20 MARCH 2018 | KAREN KAO
Happy families are all alike; every unhappy family is unhappy in its own way.
This quote comes from Leo Tolstoy in his famous novel Anna Karenina. As unhappy as Anna was, the nameless narrator of Ghachar Ghochar has no right to his unhappiness. He’s the director of a successful spice trading company and a newlywed. The young couple lives in a magnificently appointed home in an upmarket area of Bangalore. They live with his parents, sister and uncle, the source of all their wealth. And yet the narrator, indeed all his family, is deeply unhappy. Money, it seems, is the root of all their evil.
It’s very tempting to read Ghachar Ghochar as a parable. For one thing, the novel is a mere 28,000 words long, 118 pages in my Faber & Faber edition. For another, this is a story very much being told to us by the narrator as he sips a lemon soda at the grand Coffee House. He introduces us to each of his relatives in the order to their economic significance to the family unit.
But my suspicion is that these characters are mere tools, sharp as they are, to criticize today’s India. Within the family hierarchy, the value of the corrupt uncle Chikkapa increases as the hard-working father Appa recedes into insignificance. Amma, the mother, will go to any lengths to protect her own interests, thinly disguised as family loyalty. The narrator’s fractious sister Malati and his outspoken wife Anita stand in for modern Indian women.
As for the narrator himself, he longs for the days when the family was poor.
We’d been painstakingly frugal … what choice did we have? We consulted each other when money was to be spent, gave precise accounts. We thought of the family as being interdependent: a person who spent money was also taking it away from the others. All that changed overnight. There was enough now to buy things without asking permission or informing anyone or even thinking about it. Appa’s hold on the rest of us slipped. And to be honest, we lost hold of ourselves, too.
I finished Ghachar Ghochar in one sitting. It’s that easy of a read. But there had to be more to it than a parable on the evils of money. Yiyun Li wrote a blurb for Vivek Shanbhag that calls him
one of those writers whose voice takes your breath away at the first encounter.
Then there’s my friend, the anthropology professor with an expertise in South Asia. He told me Ghachar Ghochar was a refreshing departure from the derivative English-language literature coming out of India these days. So I felt compelled to take a closer look at Ghachar Ghochar and this is what I found.

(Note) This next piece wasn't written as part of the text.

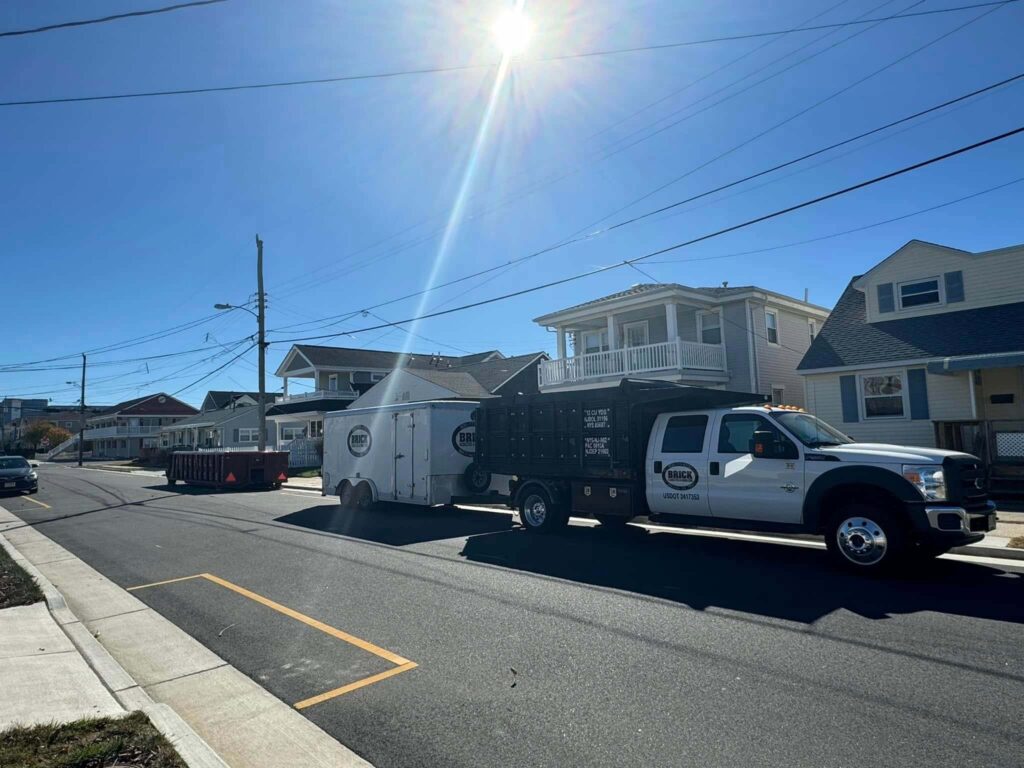 A work truck and trailer parked on a sunny residential street, with houses and utility poles in the background.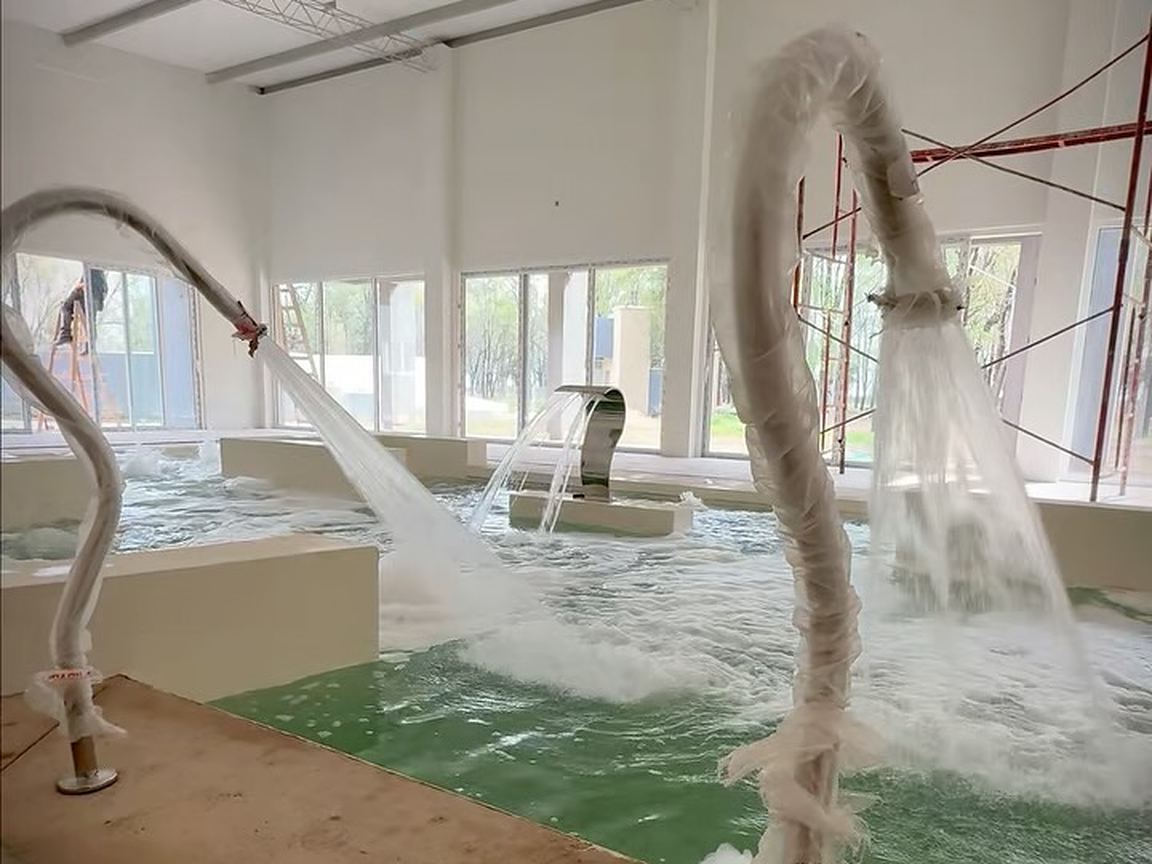 Sector techado en obra con una pileta y chorros de agua en funcionamiento, ventanales al fondo y andamios a la derecha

It’s a master class on the art of leaving things unsaid. And behind the close observations of Indian life lies a deep lake of emotion. There’s the cynical way in which Shanbhag views families.
it is one of the strengths of families to pretend that they desire what is unavoidable.
There is humor, too, behind the clear-eyed realism.
the sword of insult seldom cuts on the surface. No, it lacerates from within and leaves wounds that reopen with remembrance.
But above all, there is pathos in this tale of an aspirational Indian family who can no longer recognize itself. When Anita challenges the family’s obeisance to the mighty rupee, the narrator despairs.
I didn’t know how to make her see the relationships in our family from the inside. There was no other way to comprehend them.
You have to understand: we were once poor.